こうした反省を踏まえて、平成18年12月には、59年ぶりに教育の憲法と呼ばれる「教育基本法」が抜本的に改正されました。この改正では、「伝統と文化の尊重」「愛国心・愛郷心」「公共の精神」「宗教に関する教養」「豊かな情操と道徳心」など、戦後の教育 界で弱点とされてきた理念が明文化され、公共の精神を尊び、伝統を継承しつつ、日本国家の一員として振る舞うことができる「国民」に子供たちを育てることになりました。
この新教育基本法の理念に基づいて現在、政府サイドでは、教育改革が急速に進んでいます。 昨年3月には、小学校と中学校の教育内容の大綱を定める「学習指導要領」が全面的に改訂されました。これまではどちらかといえば、「日本はこんなにひどい国だった」といった偏ったイデオロギーに基づく、歴史教科書や教材が蔓延し、子供たちは日本の歴史に誇りと愛情を持つことができずにいました。
そこで、今回の「学習指導要領」改訂では、すべての教科において、愛国心の養成を図ることが明確にされ、日本の素晴らしい歴史と伝統、文明を子供たちに伝えることを重視することになりました。今後は、日本の歴史・伝統・文化の素晴らしさや、国家社会の建設に尽くした先人の生き方の学習を通して、日本人として生きる誇りと自信を呼び覚ますことが、重要となってきます。
また、国際社会で活躍する日本人が増えてきたことを受けて、オリンピックやサッカーなどの表彰式で、堂々と国歌「君が代」を歌うことができるように、小学校「音楽」の授業で「国歌『君が代』は、いずれの学年においても、歌えるよう指導すること。」と明記され、児童・生徒が国歌を歌えるよう指導する義務が、教師にあることを明確にされました。
さらに日本の精神文明を伝えている神話についても、小学校一、二年の「国語」の教材として使用することになり、子供たちが幼い頃から、日本の神話に親しむことができるようになりました。
一方、子供たちの健全な育成は、家庭教育にかかっています。そこで、新しい教育基本法では第十条に「家庭教育」という項目が新設され、「父母その他の保護者は、子の教育について第一義的責任を有するものであって、生活のために必要な習慣を身に付けさせるとともに、自立心を育成し、心身の調和のとれた発達を図るよう努めるものとする。国及び地方公共団体は、家庭教育の自主性を尊重しつつ、保護者に対する学習の機会及び情報の提供その他の家庭教育を支援するために必要な施策を講ずるよう努めなければならない。」と明記されました。
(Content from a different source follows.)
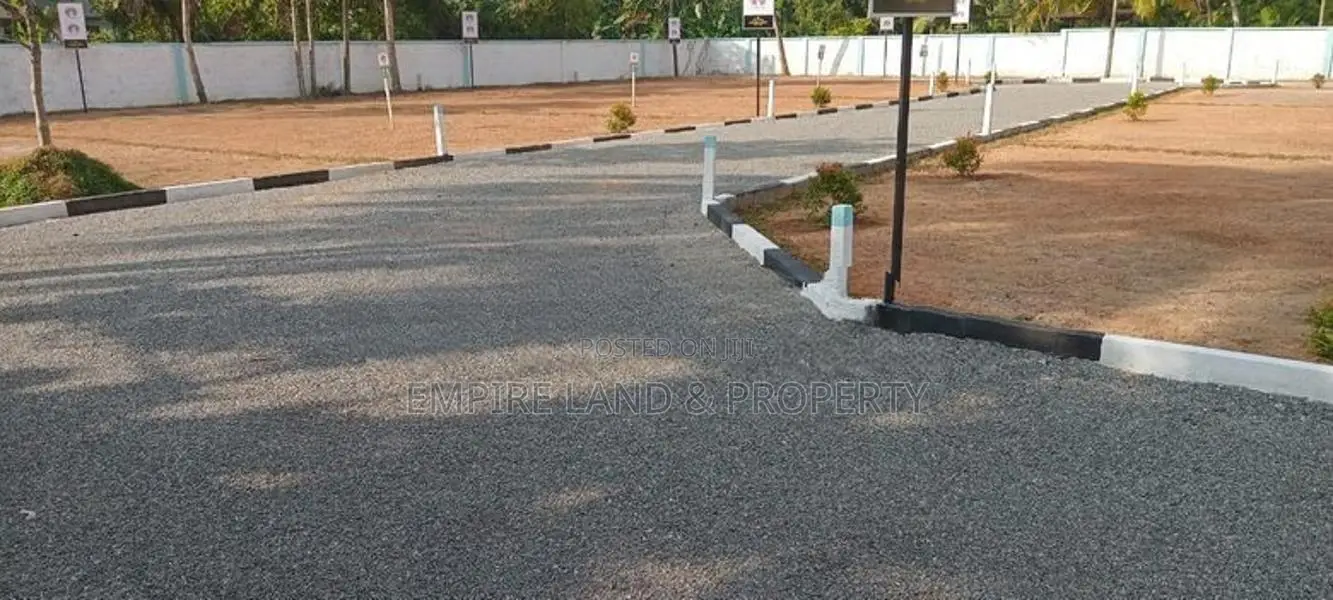 Exclusive Land Plots In Kottawa – Mahawatte Road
これによって、「早寝早起き朝ご飯」といった基本的生活習慣を我が子に修得させることは、親のつとめとなりました。国や地方自治体は、しっかりした家庭教育が行われるよう、若い親たちを支援する仕組みを整えなければなりません。
心豊かな国民の育成を
子供の心を健やかに育み、立派な国民に導くことは、わが国の教育に課せられた大きな課題です。自立心や公共心、規範意識などの道徳心を養うとともに、美しいものに感動する心や、人間の力を超えたものに対する畏敬の念を培い、心豊かな国民を育成することが、「国づくり」の根本に据えられるべきです。
平成18年の教育基本法改正以来、劇的に変わっている教育政策ですが、それが実現されていくためには、地方自治体、教育委員会、現場の先生方、そして父兄の皆さんの理解と努力にかかっています。
そのためにまず何よりも、教育基本法改正に始まる教育改革の現状を正しく理解し、知らせていく国民運動が必要となってきます。日本文明に基づく社会人教育を進められている皆様に、大いに期待したいと思います。